I installed NCCL 2.4.8 using the “O/S agnostic local installer” option from the NVIDIA website. This gave me a file nccl_2.4.8-1+cuda10.1_x86_64.txz
which I extracted into a new directory /opt/nccl-2.4.8
. I’m trying to compile PyTorch 1.4.1 (exactly @ git tag v1.4.1) now to use this NCCL installation, as I want it to be consistent within my Anaconda environment with other compiled applications there that use NCCL. As this is a server installation, I am also trying to make it possible to have multiple versions of CUDA, cuDNN, NCCL, TensorRT, etc in parallel, so all of them need to be totally local installs (e.g. no debs).
So far I can’t get cmake
to be happy that it has found NCCL properly. That is, it finds NCCL fine (both headers and library), but then fails to identify its version, and the ‘header matches library’ check fails too (I need to manually force the version identification to ‘succeed’ in order for cmake to get that far though). Does anyone have any experience with this?

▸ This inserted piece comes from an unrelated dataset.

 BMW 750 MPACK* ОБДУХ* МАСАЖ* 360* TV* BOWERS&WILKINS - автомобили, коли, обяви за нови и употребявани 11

Ubuntu 18.04, PyTorch 1.4.1, CUDA 10.1.243, cuDNN 7.6.5, CMake 3.10.2, NCCL 2.4.8
# Fresh compile...
rm -rf ~/Programs/PyTorch/pytorch/build/*
cd ~/Programs/PyTorch/pytorch
conda activate dl
source /usr/local/cuda-10.1/add_path.sh
source /opt/openmpi-2.1.1/add_path.sh
source /opt/nccl-2.4.8/add_path.sh
source /opt/TensorRT-6.0.1.5/add_path.sh
export CMAKE_PREFIX_PATH="${CONDA_PREFIX:-"$(dirname $(which conda))/../"}"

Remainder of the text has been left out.